*What is expected*. Copy nothing but the lines below, from the one with "Certain colors, dyes, and" through the one with "Hey, welcome to", exactly as written; no pictures should appear.

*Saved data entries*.
════

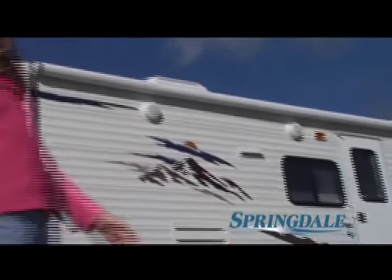They say you can't judge a book by its cover, but when you're shopping for just the right camper, you can tell a lot by the exterior features.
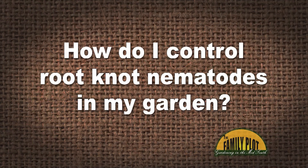I'm having a significant problem with root-knot nematodes in our vegetable garden — many galls on the roots, stunted plants, reduced productivity, etc. How do I control root-knot nematodes in my garden? And this is a question from Tulsa, Oklahoma.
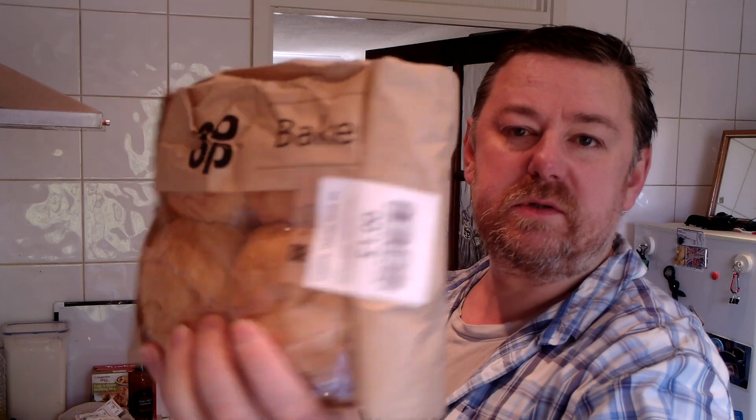Hello everybody, welcome to Mark's Remarks. Today I'm going to be making something slightly different. It's going to be a sandwich, well a roll. I've got some rolls out of the shop — four bread rolls for a pound.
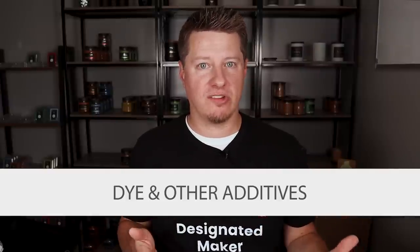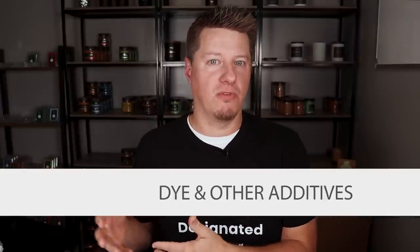Certain colors, dyes, and other additives can clog the wick the same way fragrance oil does. It's really about moderation and testing. Every time you make a change, test that change and see if it affects the candle's performance.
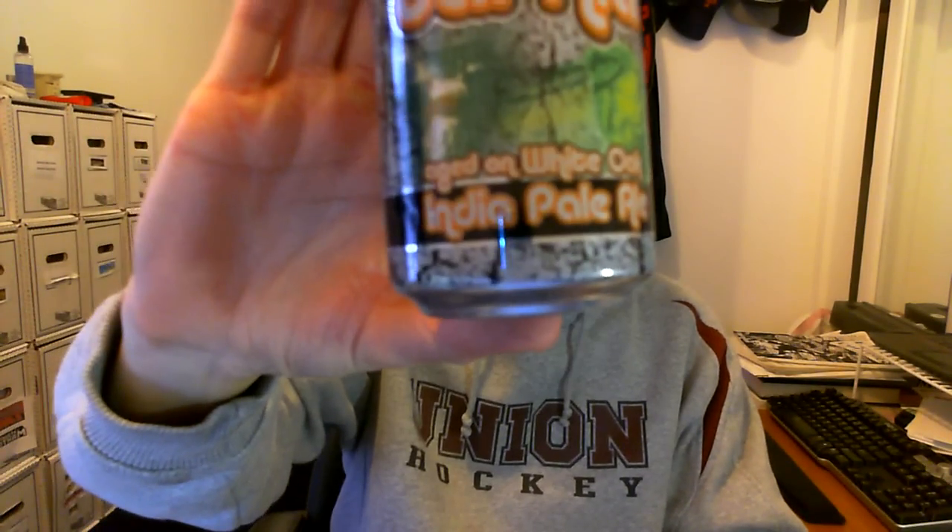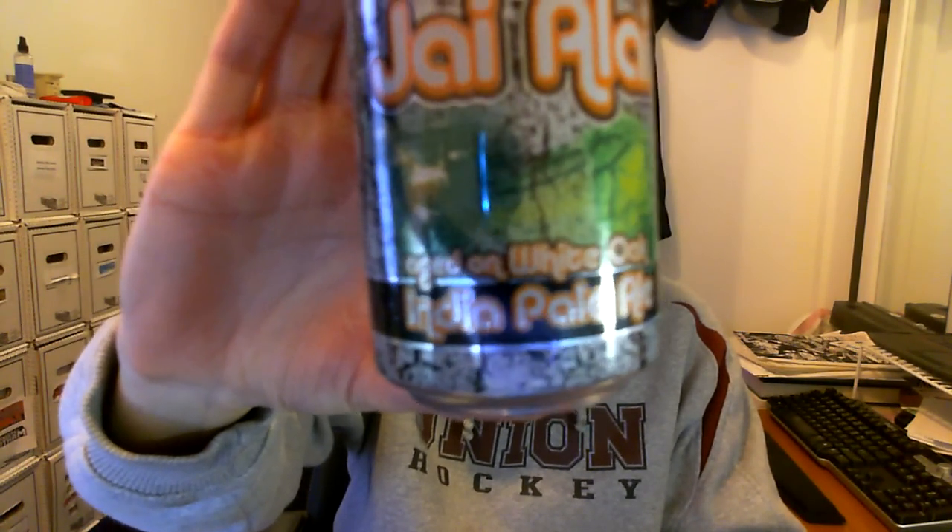Hey, welcome to another episode of Chan's Beer Reviews. It says re-review up there, but I've never actually done a video review of this beer. I did a text review of it back in August — well, actually it was like October or something like that. I had a bottle of this beer. This is the Cigar City High Lie Asian White Oak — Cigar City High Lie White Oak IPA.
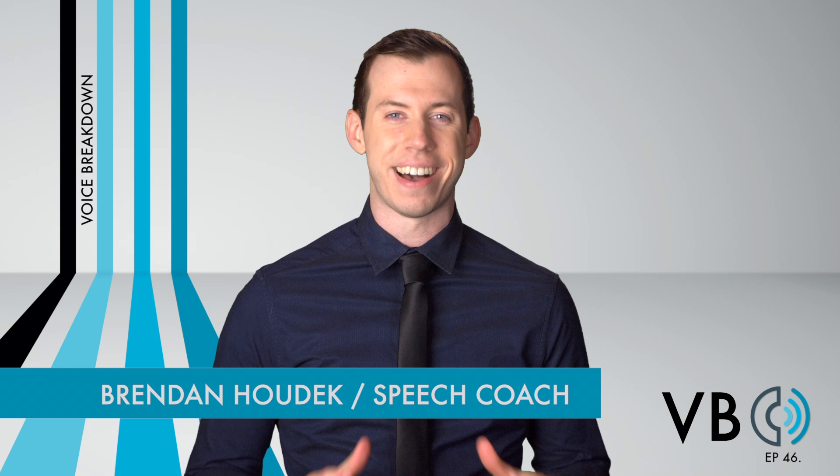Welcome, YouTube, to another episode of Voice Breakdown, the show where we teach you how to imitate some of the most iconic voices. Today is the fifth episode of our Simpsons series.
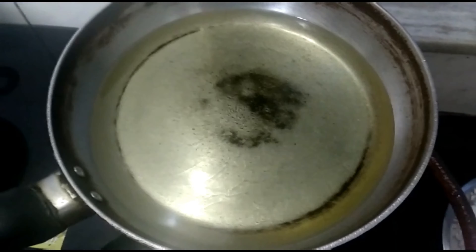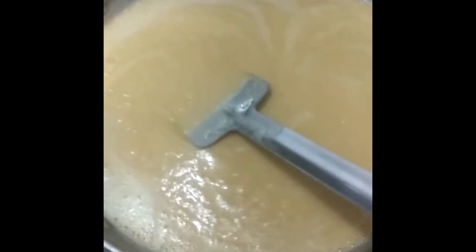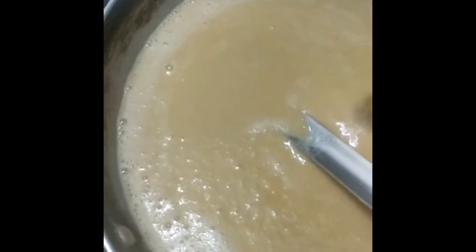Give it a good mix. First, ensure that the lumps are dissolved. As the wheat flour cooks, it will change its color and consistency. We have to stir it continuously, otherwise it will burn at the bottom. We're cooking on low flame. The mixture needs to darken a bit more — when ready, it should be runny with no lumps and a noticeably changed color.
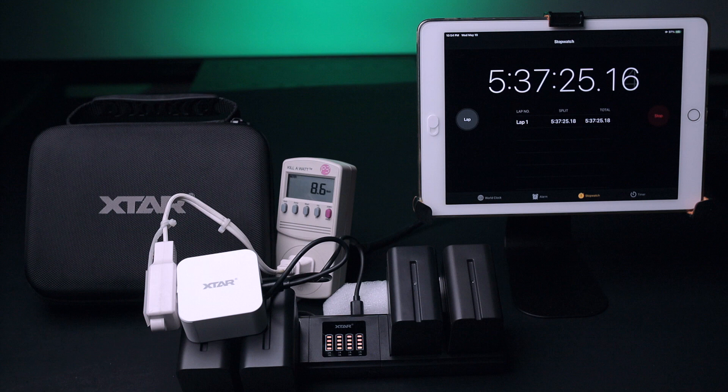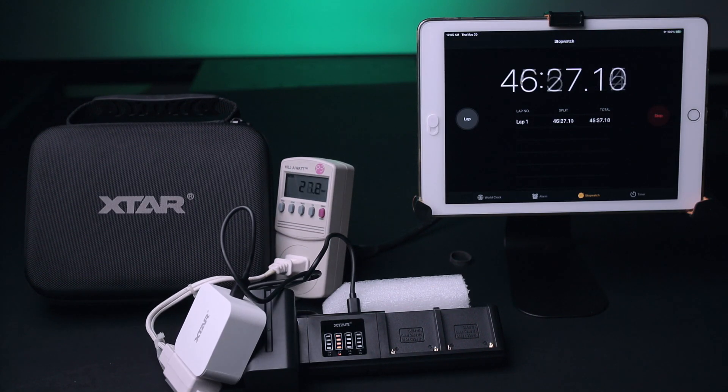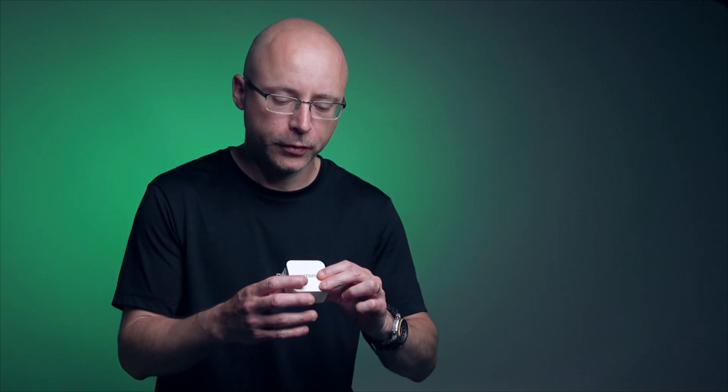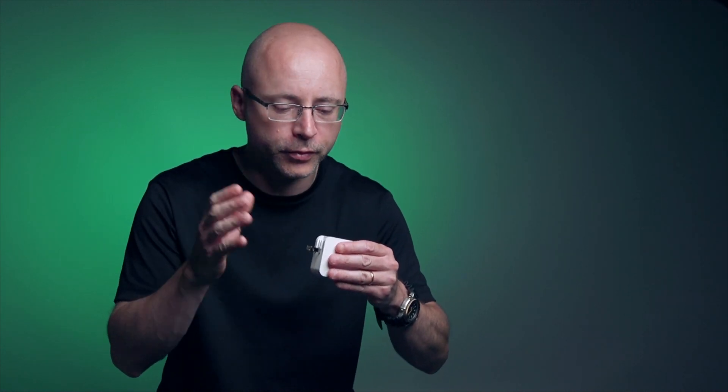My quad V-mount charger takes about five to six hours to charge a large V-mount battery at a rate of 2.5 amps. Charging a single battery in the SN4 takes approximately one to one and a half hours at a 3-amp rate. A quick note: the wall charger, like any battery charger, does get warm. But it doesn't get ridiculously hot — just a normal warm, almost-getting-hot level. I'd say about 100 degrees.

════

*Expected output*.
Certain colors, dyes, and other additives can clog the wick the same way fragrance oil does. It's really about moderation and testing. Every time you make a change, test that change and see if it affects the candle's performance.
Hey, welcome to another episode of Chan's Beer Reviews. It says re-review up there, but I've never actually done a video review of this beer. I did a text review of it back in August — well, actually it was like October or something like that. I had a bottle of this beer. This is the Cigar City High Lie Asian White Oak — Cigar City High Lie White Oak IPA.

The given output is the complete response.